Gwen John was a Welsh artist, known for her self-portraits, quiet domestic interiors and portraits of other women. She also made many sketches of her cats.
Background
Gwen John was born on June 22, 1876 in Haverfordwest, Wales, United Kingdom. She was the daughter of Edwin William John, a solicitor, and Augusta (Smith) John, an amateur artist. Gwen has three brothers — Thornton John, Augustus John, a painter, and Winifred John.
Education
Since 1895 to 1898, Gwen studied at the Slade School of Art (present-day UCL Slade School of Fine Art), where she learned figure drawing under Henry Tonks.
Some time later, Gwen John moved to Paris, where she attended Académie Carmen.
In 1899, Gwen moved to London, where she exhibited her work for the first time in 1900, at the New English Art Club.
In the autumn of 1903, she traveled to France with her friend Dorelia McNeill. Upon landing in Bordeaux, they set off on a walking tour with their art equipment in hand, intending to reach Rome. Sleeping in fields and living on money earned along the way by selling portrait sketches, they made it as far as Toulouse. In 1904, the two went to Paris, where John found work as an artist's model, mostly for women artists. In that same year, she began modelling for the sculptor Auguste Rodin and became his lover. During her years in Paris she met many of the leading artistic personalities of her time, including Matisse, Picasso, Brancusi and Rainer Maria Rilke, but the new developments in the art of her time had little effect on her, and she worked in solitude. In 1910, the artist settled down in Meudon, a suburb of Paris, where she would remain for the rest of her life.
Gwen stopped exhibiting at the New English Art Club in 1911, but gained an important patron in John Quinn, an American art collector who, from 1910 until his death in 1924, purchased the majority of the works, that Gwen John sold.
After the end of her relationship with Rodin and her subsequent conversion to Roman Catholicism about 1913, John created many portraits of nuns at a local convent in Meudon, including a commissioned series of pictures (1913-1921) of the convent’s founder, Mère Marie Poussepin. Using an image of her on a prayer card, John created at least eight three-quarter-length portraits of the nun, who had died some 200 years earlier. Quiet, but expressive interiors and portraits continued to be the subjects of her paintings and drawings. She exhibited a handful of times in Paris, including multiple times at the Salon d’Automne, beginning in 1919. John’s creative output is said to have decreased after 1924 when her patron, Quinn, died.

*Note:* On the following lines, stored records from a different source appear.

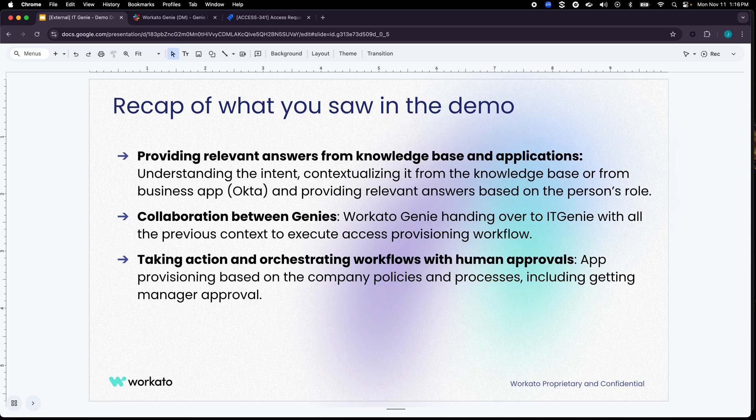And then finally you saw IT Genie taking action. It went ahead, created a ticket in the background and there was human approval required. It figured out, got the human approval, listened for those approvals to happen and once it got the approval went ahead and provided access to Sigma as the reporting tool. That's it for the demo today. Thank you.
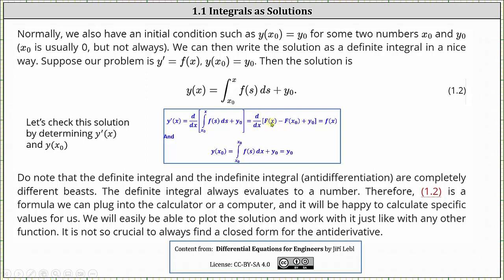Differentiating, the derivative of big F of x is equal to little f of x. Big F of x sub zero and y sub zero are both constants, giving a derivative of zero. So this verifies y prime of x equals f of x.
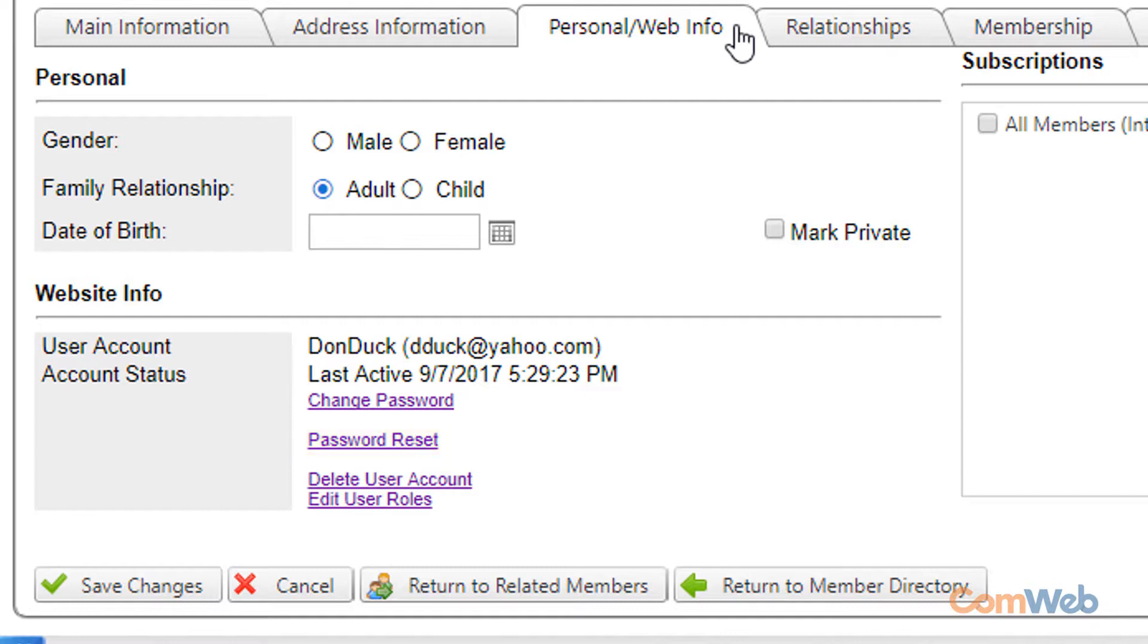Additionally you can send the password recovery email yourself by clicking the link that says password reset. You can also change the password manually by clicking the change password link. And finally you can always just delete the user account all together and start fresh.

In 1926, she had only one solo exhibition in her lifetime at the New Chenil Galleries in London.
It is commonly thought, that the artist stopped painting entirely after 1933 and took up gardening.
Achievements
In the early 20th century, Gwen John was recognized as one of the foremost British artists of the Post-Impressionist period.
John's works are held in many public collections. Some of them are kept at the National Museum Cardiff and in Tate Britain, London.
Quotations:
"As to whether I have anything worth expressing that is apart from the question. I may never have anything to express, except this desire for a more interior life."
"I paint a good deal, but I don't often get a picture done — that requires, for me, a very long time of a quiet mind, and never to think of exhibitions."
"I should like to go and live somewhere where I met nobody I know till I am so strong that people and things could not effect me beyond reason."
Connections
Throughout her life, John was attracted to people of both sexes. Although August Rodin was her great love, she had a number of same-sex relationships. Whilst at Slade, she developed a passion for an unnamed woman.